Hello all! I've posted on this forum before about how concerned I am about my looks. Well, two weeks ago my worst fears were confirmed, and now I'm having a hard time moving past it.
I'd been seeing this guy for about five months. A month ago he went out of the country on business. When he got back, I barely heard from him. Over about a week we had 4 interactions. 1) Him calling me drunk to cry about his ex-gf getting engaged. 2) A dinner date where I was planning to break it off with him, only to have him show up happy... like, ECSTATIC... telling me he finally felt over his ex, he was so excited to see me, etc. 3) A phone call where I was pissy and annoyed for not hearing from him for nearly a week, and him saying he'd try harder 4) Him leaving a voice mail that said:
"It's not working for me. I like you, but you're not physically attractive. Anyway, have a good day."

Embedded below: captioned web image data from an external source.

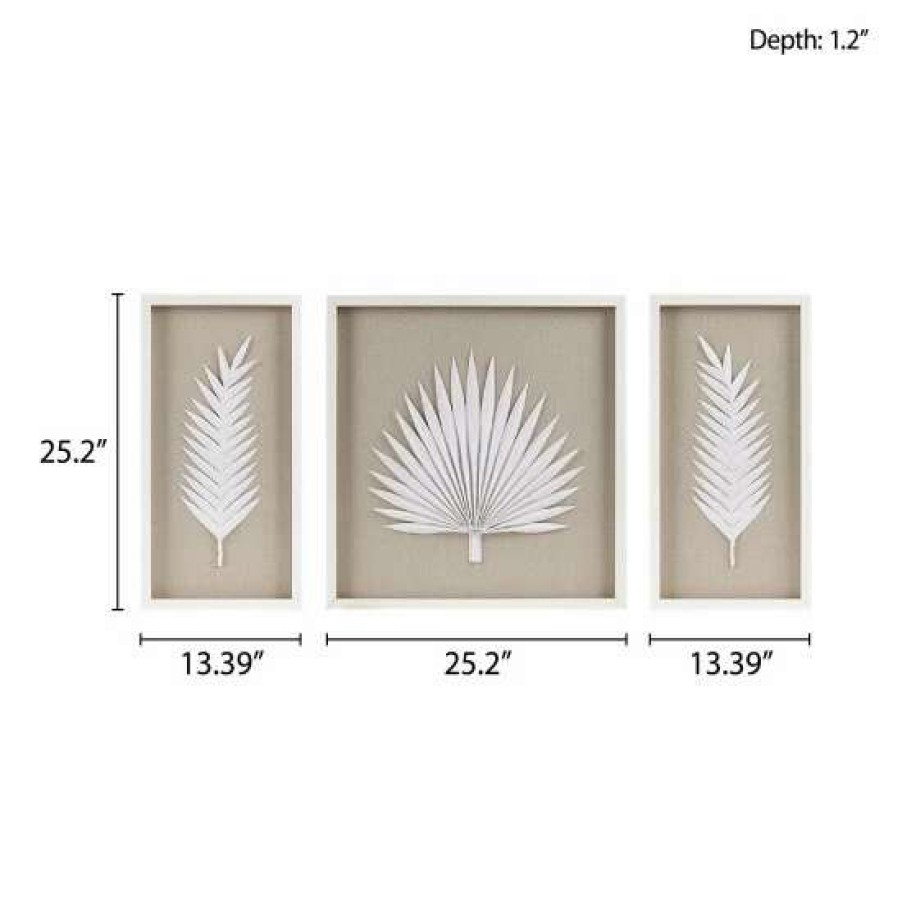 Wholesale Top 10 Madison Park Sabal Off White Palm Rice Paper Framed Shadow Box 3 Piece Set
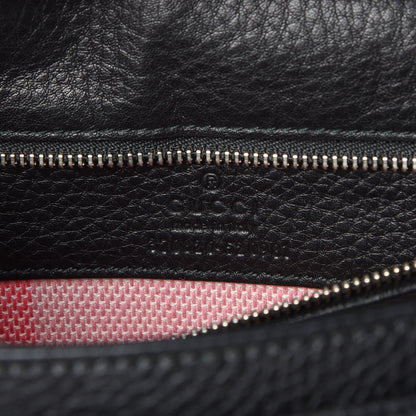 Gucci Pebbled Calfskin Medium Bamboo Daily Flap Shoulder Bag Black 6 of 6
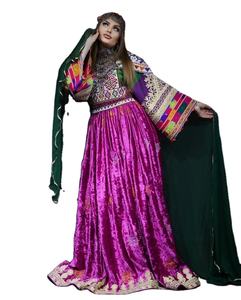 En gros Vintage Afghan Kuchi Look Costume Tribal Vibrant Nomade Danse Robe Manches Longues À La Main Broderie En Mousseline De Soie Culturelle - Product Image 3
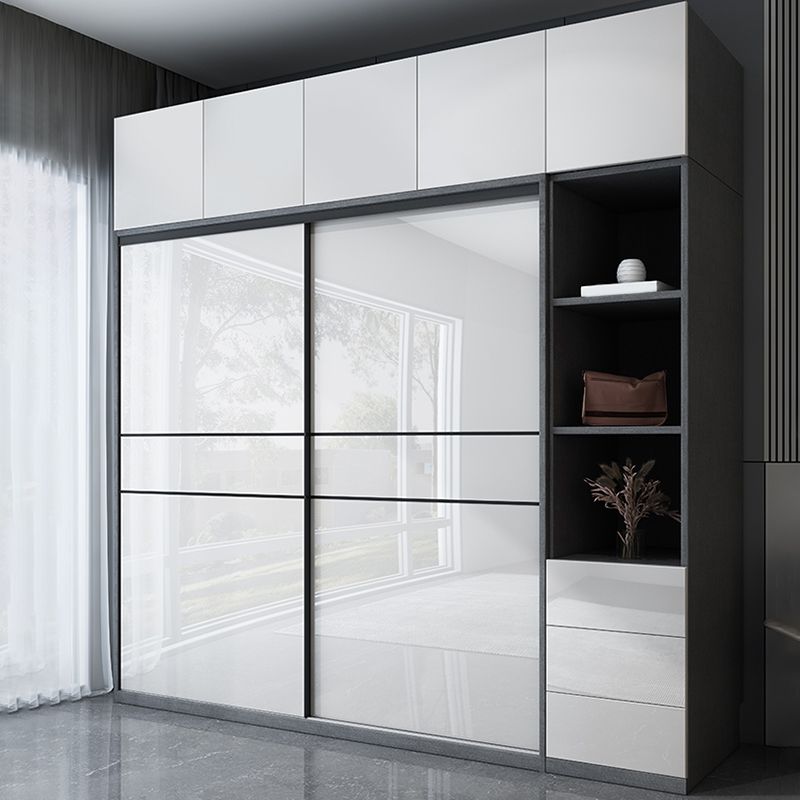 Manufactured Wood Glossy White Storage Cabinet Modern Cabinet for Bedroom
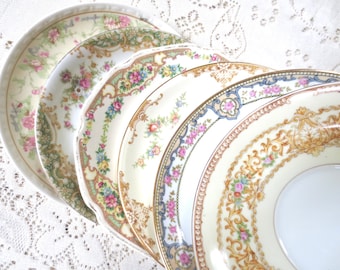 Set of 6 Mismatched Vintage Plates. China Floral Saucers Mix Match, Shabby Chic Bridal Shower. Tea Party Favors. Alice in Wonderland Decor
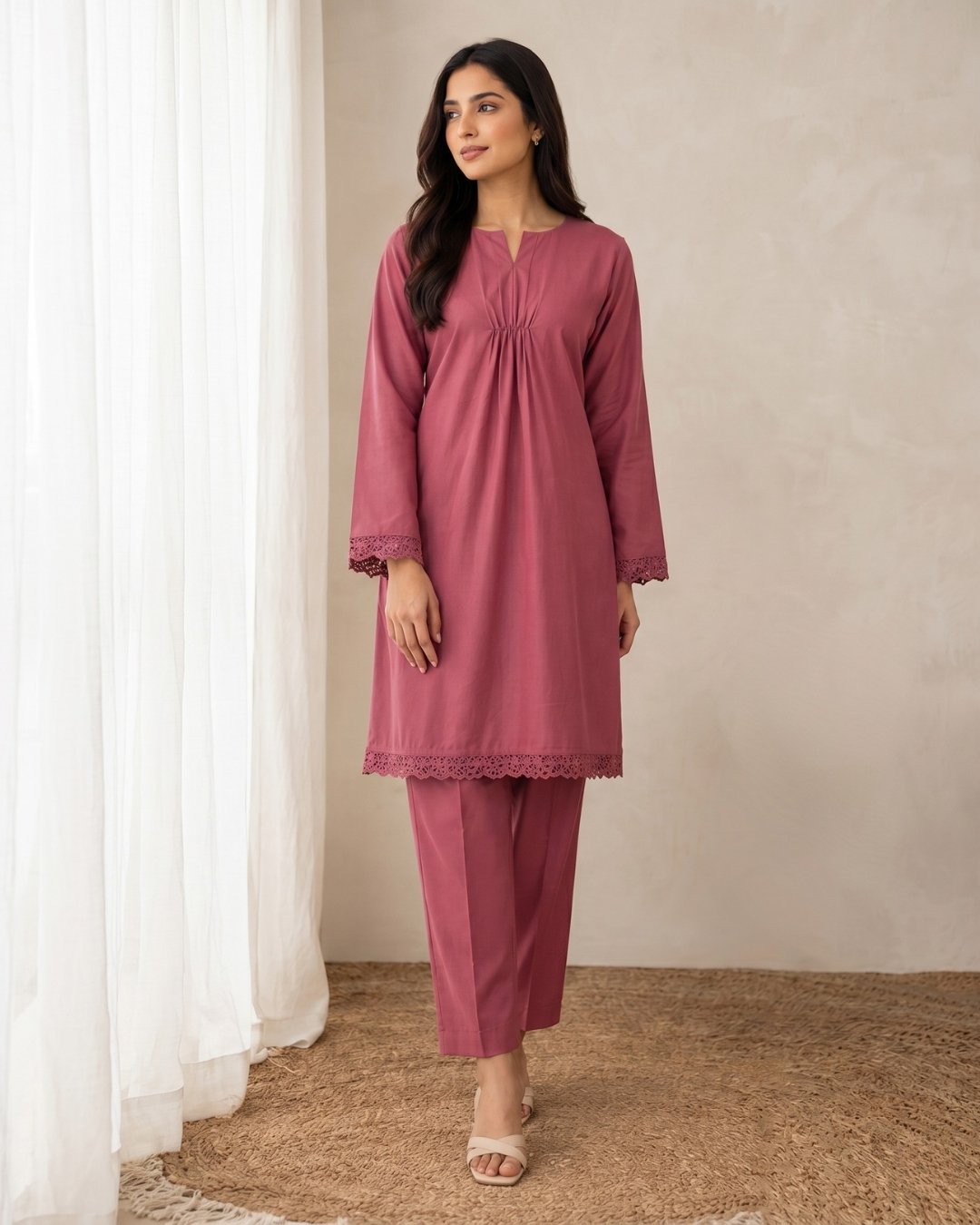 Cotton two piece (Stitched & Unstitched) - Pink image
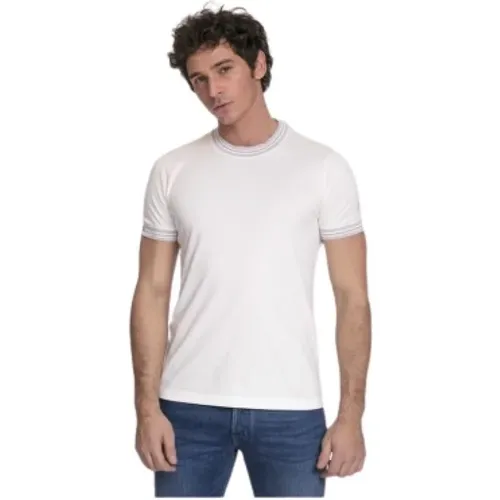 Weißes T-Shirt mit Rundhalsausschnitt und bunten Streifen an Kragen und Ärmeln , Herren, Größe: L - BRUNELLO CUCINELLI - Modalova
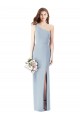 Discount One Shoulder Crepe Trumpet Bridesmaid Dress / Prom Dress with Front Slit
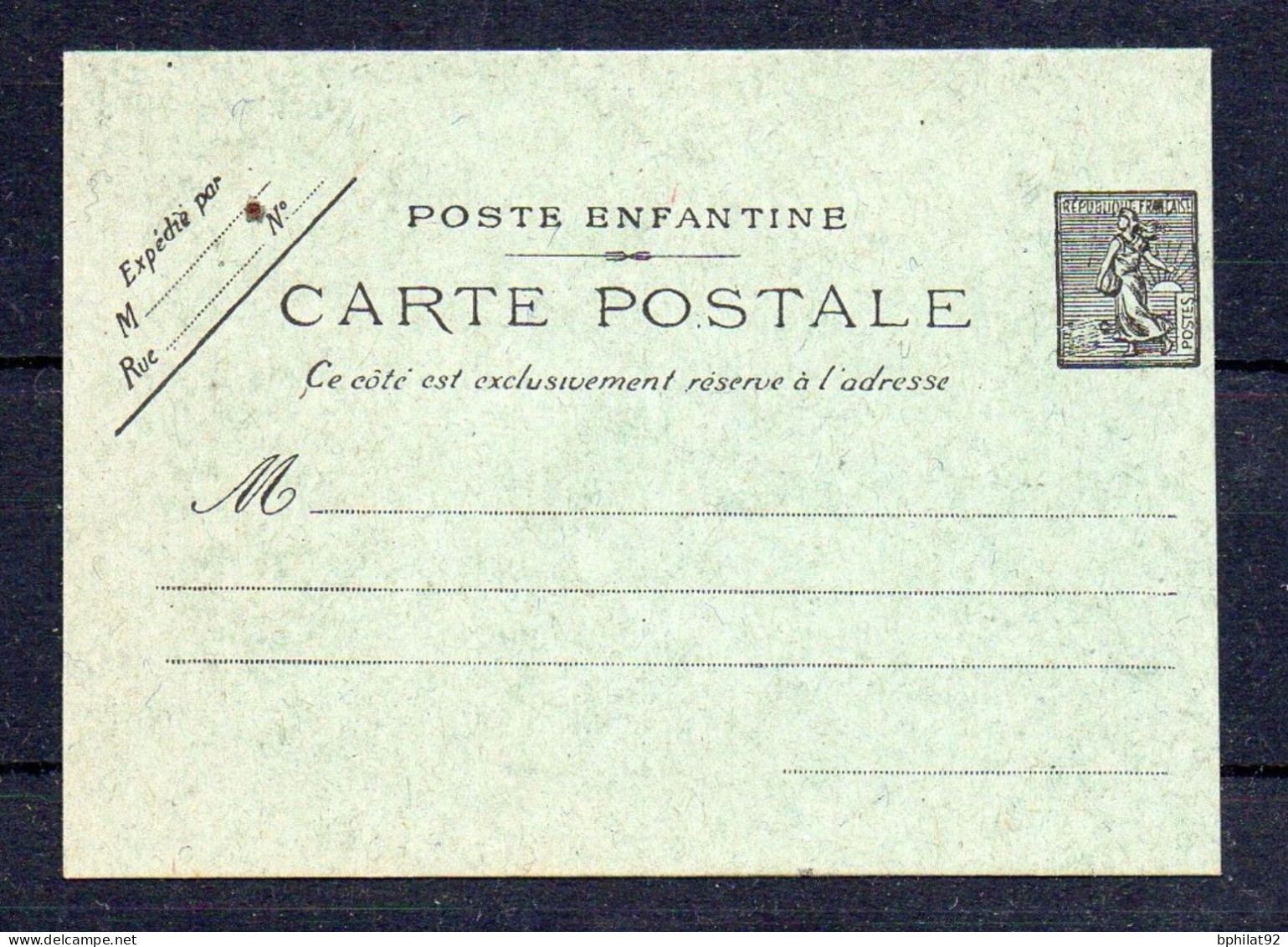 !!! POSTE ENFANTINE : ENTIER POSTAL TYPE SEMEUSE LIGNEE - Storia Postale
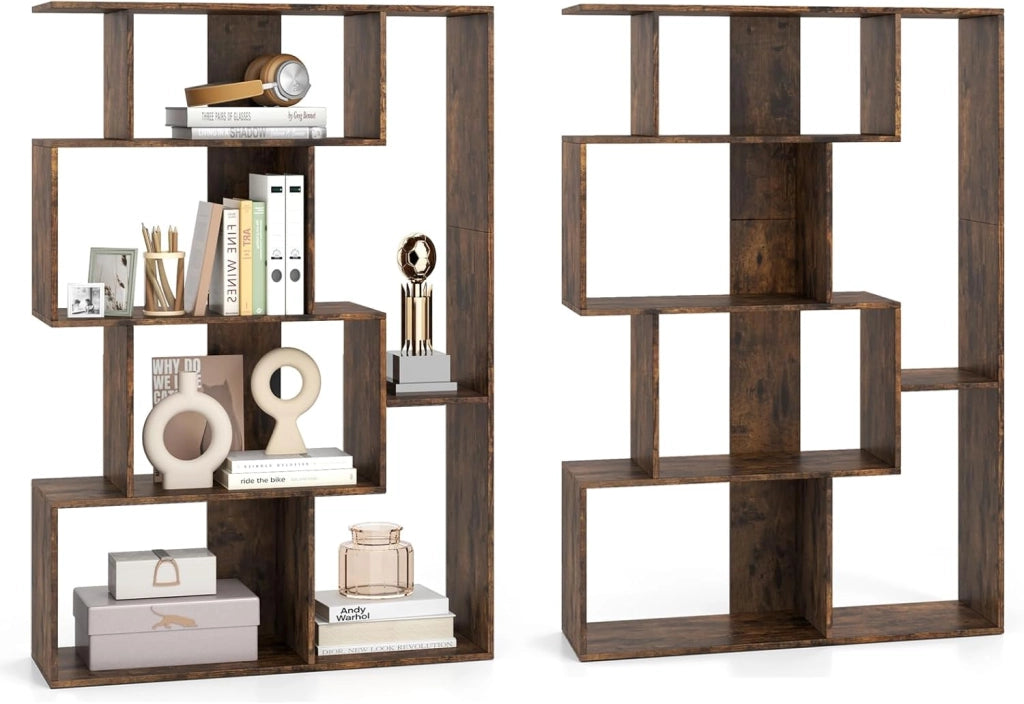 Libreria, scaffale aperto per ufficio con 6 ripiani, divisorio, scaffale per presentazione, scaffale per soggiorno, studio e ufficio, 80 x 30 x 119 cm (marrone)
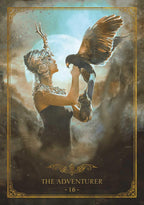 A tarot-style card illustration titled 'The Adventurer 16' with ornate gold border details. The scene shows a woman in profile wearing a deer-like headdress, reaching toward a large bird perched on her arm, against a smoky blue and brown background.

The breaking up wasn't too big of a deal, but the "you're ugly" part really cut me deep. I worry constantly about how I look. For him to call me physically unattractive on his way out the door, after seeming VERY into me physically, is kind of... devastating.
Now, I'm too terrified to even think of smiling at guys. I can't bring myself to even look a guy in the face, because of how ashamed I feel. I wanna get back on the dating horse, but I have no idea how to get past having my worst fears confirmed. Thoughts? Suggestions?